What the task requires:
Without changing a word, copy every line of the listing below and leave out the images.

Raw data:

BEGIN

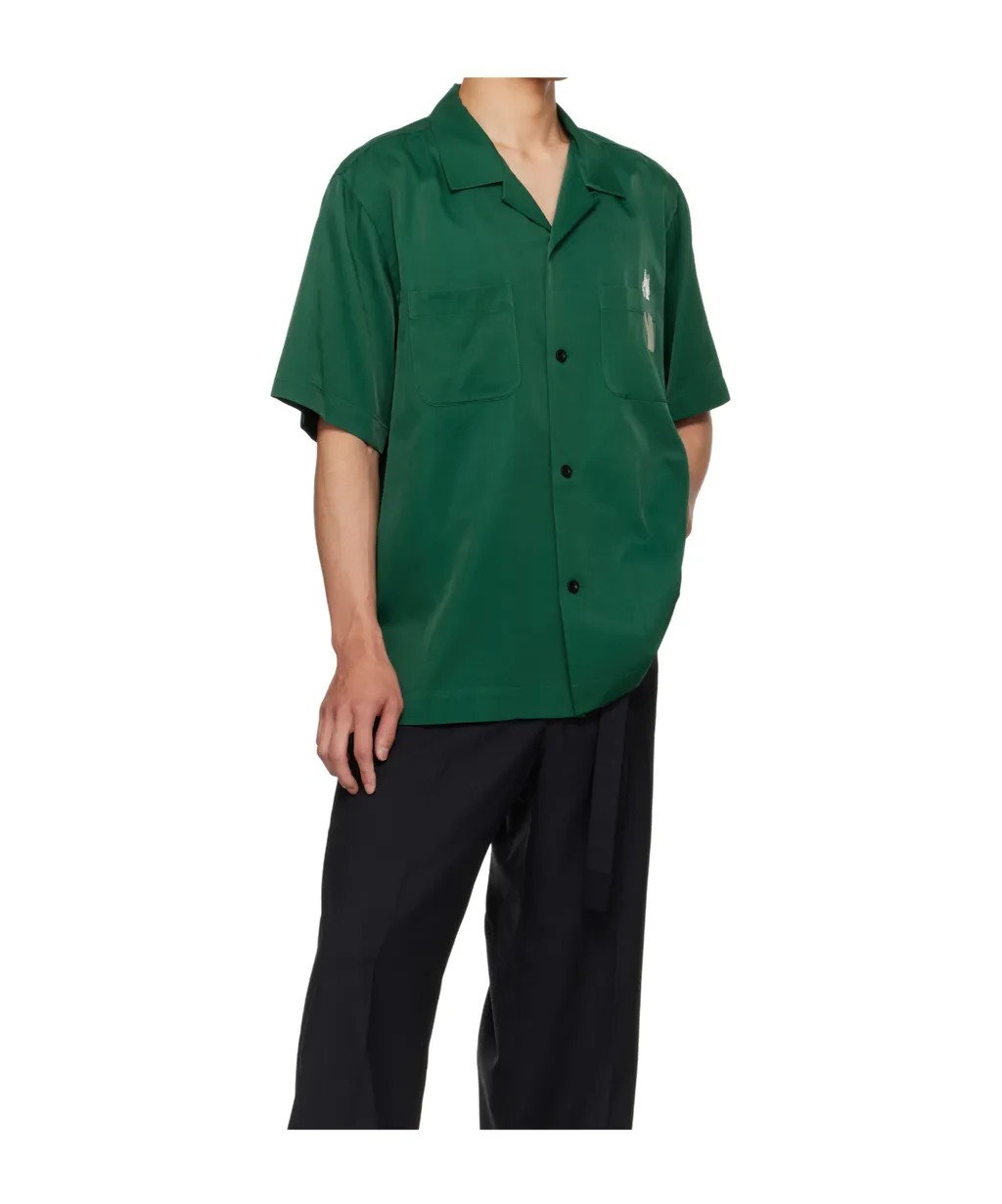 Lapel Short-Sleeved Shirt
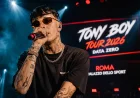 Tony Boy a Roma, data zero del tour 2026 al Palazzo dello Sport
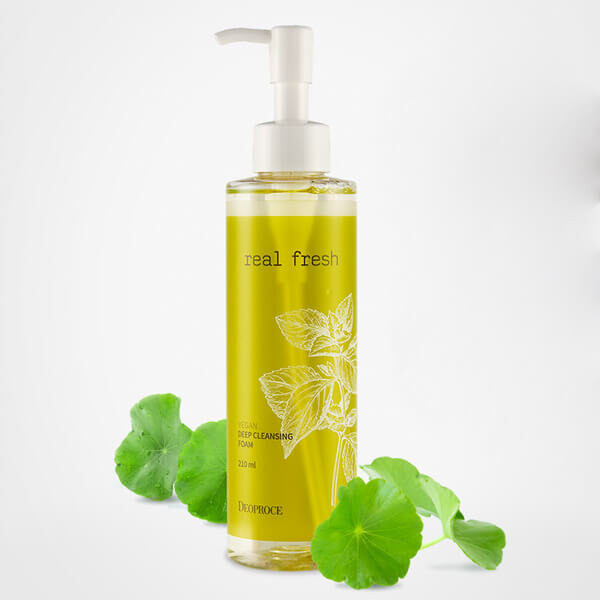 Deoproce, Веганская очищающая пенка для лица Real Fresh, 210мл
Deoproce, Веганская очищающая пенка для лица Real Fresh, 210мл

END

Response box:
 Lapel Short-Sleeved Shirt
 Tony Boy a Roma, data zero del tour 2026 al Palazzo dello Sport
 Deoproce, Веганская очищающая пенка для лица Real Fresh, 210мл
Deoproce, Веганская очищающая пенка для лица Real Fresh, 210мл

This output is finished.